__Information__:
----------
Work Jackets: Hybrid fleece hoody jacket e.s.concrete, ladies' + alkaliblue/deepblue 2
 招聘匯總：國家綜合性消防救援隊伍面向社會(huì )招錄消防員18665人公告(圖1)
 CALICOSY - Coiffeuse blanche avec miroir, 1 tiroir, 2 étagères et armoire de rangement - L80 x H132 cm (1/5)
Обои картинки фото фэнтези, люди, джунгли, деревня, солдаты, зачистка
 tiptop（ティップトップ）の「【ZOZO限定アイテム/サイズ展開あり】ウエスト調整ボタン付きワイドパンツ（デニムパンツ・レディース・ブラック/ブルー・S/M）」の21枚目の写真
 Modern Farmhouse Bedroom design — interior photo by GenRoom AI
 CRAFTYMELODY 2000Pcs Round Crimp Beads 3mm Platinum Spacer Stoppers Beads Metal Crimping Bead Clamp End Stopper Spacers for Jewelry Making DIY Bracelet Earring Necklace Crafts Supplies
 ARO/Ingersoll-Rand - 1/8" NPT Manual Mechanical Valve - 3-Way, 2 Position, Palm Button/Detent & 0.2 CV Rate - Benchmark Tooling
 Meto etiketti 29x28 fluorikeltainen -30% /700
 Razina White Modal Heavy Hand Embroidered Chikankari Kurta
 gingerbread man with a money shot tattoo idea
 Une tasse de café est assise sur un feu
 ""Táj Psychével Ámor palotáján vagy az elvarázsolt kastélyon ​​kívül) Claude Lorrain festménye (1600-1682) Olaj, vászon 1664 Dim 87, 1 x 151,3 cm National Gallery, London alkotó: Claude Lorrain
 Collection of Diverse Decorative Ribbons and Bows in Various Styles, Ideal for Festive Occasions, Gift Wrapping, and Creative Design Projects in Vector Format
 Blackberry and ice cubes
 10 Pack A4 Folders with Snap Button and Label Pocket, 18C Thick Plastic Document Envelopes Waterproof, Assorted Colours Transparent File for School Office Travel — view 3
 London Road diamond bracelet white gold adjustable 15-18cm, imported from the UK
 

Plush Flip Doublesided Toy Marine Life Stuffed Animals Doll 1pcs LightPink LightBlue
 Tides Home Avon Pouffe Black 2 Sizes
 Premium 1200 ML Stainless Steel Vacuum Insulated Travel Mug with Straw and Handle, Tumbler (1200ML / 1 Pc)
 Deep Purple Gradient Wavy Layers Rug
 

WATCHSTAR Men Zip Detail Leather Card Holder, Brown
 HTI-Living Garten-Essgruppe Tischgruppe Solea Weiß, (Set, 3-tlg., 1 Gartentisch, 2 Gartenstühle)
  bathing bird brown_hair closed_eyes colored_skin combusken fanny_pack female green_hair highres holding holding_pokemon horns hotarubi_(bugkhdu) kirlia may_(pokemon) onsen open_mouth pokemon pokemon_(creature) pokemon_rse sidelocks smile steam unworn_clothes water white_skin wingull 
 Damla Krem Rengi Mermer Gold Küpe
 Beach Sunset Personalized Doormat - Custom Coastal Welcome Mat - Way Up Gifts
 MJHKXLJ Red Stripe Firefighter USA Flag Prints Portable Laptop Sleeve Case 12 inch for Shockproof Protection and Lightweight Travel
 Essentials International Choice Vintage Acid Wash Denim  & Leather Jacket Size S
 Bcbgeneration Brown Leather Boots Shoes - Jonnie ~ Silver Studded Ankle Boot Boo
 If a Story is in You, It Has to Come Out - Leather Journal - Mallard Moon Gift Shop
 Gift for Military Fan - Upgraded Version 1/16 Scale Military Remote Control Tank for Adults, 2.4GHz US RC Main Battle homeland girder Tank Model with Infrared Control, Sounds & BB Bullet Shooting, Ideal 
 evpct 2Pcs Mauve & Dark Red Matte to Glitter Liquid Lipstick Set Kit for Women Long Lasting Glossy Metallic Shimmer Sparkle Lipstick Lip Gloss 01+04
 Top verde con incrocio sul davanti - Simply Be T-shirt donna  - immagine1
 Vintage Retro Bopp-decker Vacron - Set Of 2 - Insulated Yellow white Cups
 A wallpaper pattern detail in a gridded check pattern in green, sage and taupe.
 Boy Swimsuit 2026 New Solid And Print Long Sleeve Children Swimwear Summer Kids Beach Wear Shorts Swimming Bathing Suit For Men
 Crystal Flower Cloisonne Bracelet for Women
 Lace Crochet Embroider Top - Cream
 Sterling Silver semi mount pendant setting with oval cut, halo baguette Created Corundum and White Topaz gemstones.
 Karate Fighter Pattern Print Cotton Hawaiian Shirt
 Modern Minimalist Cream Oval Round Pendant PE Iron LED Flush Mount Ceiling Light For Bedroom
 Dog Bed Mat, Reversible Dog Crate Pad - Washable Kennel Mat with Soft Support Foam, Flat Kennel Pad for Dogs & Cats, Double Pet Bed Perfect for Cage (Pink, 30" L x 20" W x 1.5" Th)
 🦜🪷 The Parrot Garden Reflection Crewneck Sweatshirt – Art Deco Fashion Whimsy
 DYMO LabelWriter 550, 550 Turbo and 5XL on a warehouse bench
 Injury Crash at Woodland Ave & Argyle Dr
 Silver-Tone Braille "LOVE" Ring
----------
__Task__:
Your answer should be the lines above from the one containing "10 Pack A4 Folders" through the one containing "WATCHSTAR Men Zip", copied exactly and with both ends kept.

__Answer below__:
 10 Pack A4 Folders with Snap Button and Label Pocket, 18C Thick Plastic Document Envelopes Waterproof, Assorted Colours Transparent File for School Office Travel — view 3
 London Road diamond bracelet white gold adjustable 15-18cm, imported from the UK
 

Plush Flip Doublesided Toy Marine Life Stuffed Animals Doll 1pcs LightPink LightBlue
 Tides Home Avon Pouffe Black 2 Sizes
 Premium 1200 ML Stainless Steel Vacuum Insulated Travel Mug with Straw and Handle, Tumbler (1200ML / 1 Pc)
 Deep Purple Gradient Wavy Layers Rug
 

WATCHSTAR Men Zip Detail Leather Card Holder, Brown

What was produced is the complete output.